Oh she didn't!  She was really mad that she didn't get the $600 and I told her it was up to, not everyone is guaranteed the full amount and she said oh I thought everyone was getting the same.  But what is weird is that she has a son that sha claims who is 16 and she only got $300.  I thought you got more if you have kids?


----------



## kimmy (May 2, 2008)

i still have to wait a couple weeks for mine...and i better get the whole six hundred dammit. the irs makes my heart sad, so it's time they make up for it!


----------



## MACATTAK (May 2, 2008)

Quote:

   Originally Posted by *COBI* 

 
_Get out the violins: I don't get one... too much income, there are definitely worse problems to have than mine. 
	

	
	
		
		

		
		
	


	


_

 

Where do you work & are they hiring??


----------



## noahlowryfan (May 2, 2008)

Quote:

   Originally Posted by *SuSana* 

 
_Oh she didn't!  She was really mad that she didn't get the $600 and I told her it was up to, not everyone is guaranteed the full amount and she said oh I thought everyone was getting the same.  But what is weird is that she has a son that sha claims who is 16 and she only got $300.  I thought you got more if you have kids?_

 
here's what it said on the IRS website:

To receive a payment, taxpayers must have a valid Social Security number, $3,000 of income and file a 2007 federal tax return. IRS will take care of the rest. Eligible people will receive up to $600 ($1,200 for married couples), and parents will receive an additional $300 for each eligible child younger than 17.


----------



## trip75 (May 2, 2008)

I got mine today. Direct deposit. WOO-HOO!!!


----------



## captodometer (May 3, 2008)

I got mine yesterday: I'm in the 00-20 group.  I'm also living overseas and filed my taxes from there.  So it is likely that those of you in the US will get your stimulus payment right on schedule


----------



## CantAffordMAC (May 4, 2008)

Quote:

   Originally Posted by *noahlowryfan* 

 
_here's what it said on the IRS website:

To receive a payment, taxpayers must have a valid Social Security number, $3,000 of income and file a 2007 federal tax return. IRS will take care of the rest. Eligible people will receive up to $600 ($1,200 for married couples), and parents will receive an additional $300 for each eligible child younger than 17._

 
So i won't be getting a check. Because I ddin't make $3,000. I know its my fault because I didnt read carefully...

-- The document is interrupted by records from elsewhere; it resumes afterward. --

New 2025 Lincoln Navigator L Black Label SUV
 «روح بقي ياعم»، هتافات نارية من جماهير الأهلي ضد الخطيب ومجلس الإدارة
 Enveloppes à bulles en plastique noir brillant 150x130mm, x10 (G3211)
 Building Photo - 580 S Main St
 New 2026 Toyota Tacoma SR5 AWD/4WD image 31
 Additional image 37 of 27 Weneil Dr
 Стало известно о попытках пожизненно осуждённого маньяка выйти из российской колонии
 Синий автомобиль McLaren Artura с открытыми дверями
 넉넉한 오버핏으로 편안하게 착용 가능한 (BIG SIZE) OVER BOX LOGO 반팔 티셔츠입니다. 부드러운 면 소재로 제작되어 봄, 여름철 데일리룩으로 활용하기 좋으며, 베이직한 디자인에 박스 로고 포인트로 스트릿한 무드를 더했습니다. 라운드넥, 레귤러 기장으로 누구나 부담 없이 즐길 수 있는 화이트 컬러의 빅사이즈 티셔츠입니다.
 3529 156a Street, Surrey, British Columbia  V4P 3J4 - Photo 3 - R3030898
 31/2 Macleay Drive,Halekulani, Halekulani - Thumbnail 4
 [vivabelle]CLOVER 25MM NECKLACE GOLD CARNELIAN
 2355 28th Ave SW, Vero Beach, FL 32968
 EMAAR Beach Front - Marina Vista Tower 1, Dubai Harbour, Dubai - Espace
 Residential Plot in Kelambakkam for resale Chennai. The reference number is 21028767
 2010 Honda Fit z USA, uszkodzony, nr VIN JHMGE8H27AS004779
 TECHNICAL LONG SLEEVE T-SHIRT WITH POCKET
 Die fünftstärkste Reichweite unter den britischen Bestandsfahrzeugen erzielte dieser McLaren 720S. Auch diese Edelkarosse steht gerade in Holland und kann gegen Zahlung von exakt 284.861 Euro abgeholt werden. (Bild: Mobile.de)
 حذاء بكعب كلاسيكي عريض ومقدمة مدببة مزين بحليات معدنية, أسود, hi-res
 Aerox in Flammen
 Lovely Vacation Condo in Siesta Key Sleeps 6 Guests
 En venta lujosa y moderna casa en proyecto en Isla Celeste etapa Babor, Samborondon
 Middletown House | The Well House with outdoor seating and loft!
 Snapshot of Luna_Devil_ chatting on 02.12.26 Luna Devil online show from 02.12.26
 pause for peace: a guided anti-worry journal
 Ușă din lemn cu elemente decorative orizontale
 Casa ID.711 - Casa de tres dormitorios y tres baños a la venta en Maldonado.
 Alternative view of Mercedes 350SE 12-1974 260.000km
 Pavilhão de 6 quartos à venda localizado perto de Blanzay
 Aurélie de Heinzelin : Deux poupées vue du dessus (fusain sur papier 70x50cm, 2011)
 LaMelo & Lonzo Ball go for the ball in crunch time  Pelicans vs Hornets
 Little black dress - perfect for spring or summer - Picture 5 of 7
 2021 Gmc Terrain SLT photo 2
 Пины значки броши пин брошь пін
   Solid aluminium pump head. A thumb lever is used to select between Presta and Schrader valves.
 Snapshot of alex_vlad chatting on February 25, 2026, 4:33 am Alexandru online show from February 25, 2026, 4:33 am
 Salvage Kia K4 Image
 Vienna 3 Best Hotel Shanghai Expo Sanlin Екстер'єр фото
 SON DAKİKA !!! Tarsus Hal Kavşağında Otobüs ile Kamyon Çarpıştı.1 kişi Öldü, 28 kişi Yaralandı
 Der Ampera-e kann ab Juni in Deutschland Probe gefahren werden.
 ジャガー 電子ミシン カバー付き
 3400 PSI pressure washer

but damn it! They could have been a little more fucking detailed when they started talking about these damn checks. Now all this time I was expecting money back to pay my health insurance/save and I won't get shit


----------



## KikiB (May 4, 2008)

I don't get the stimulus payment because I am a dependent, however I did get my refund already and surprisingly I haven't spent it. I'm trying to keep a good cushion of $$ in my checking account. I could have easily bought a pair of Ed Hardy sunglasses...but I could be better off trying to actually save money up to buy them.


----------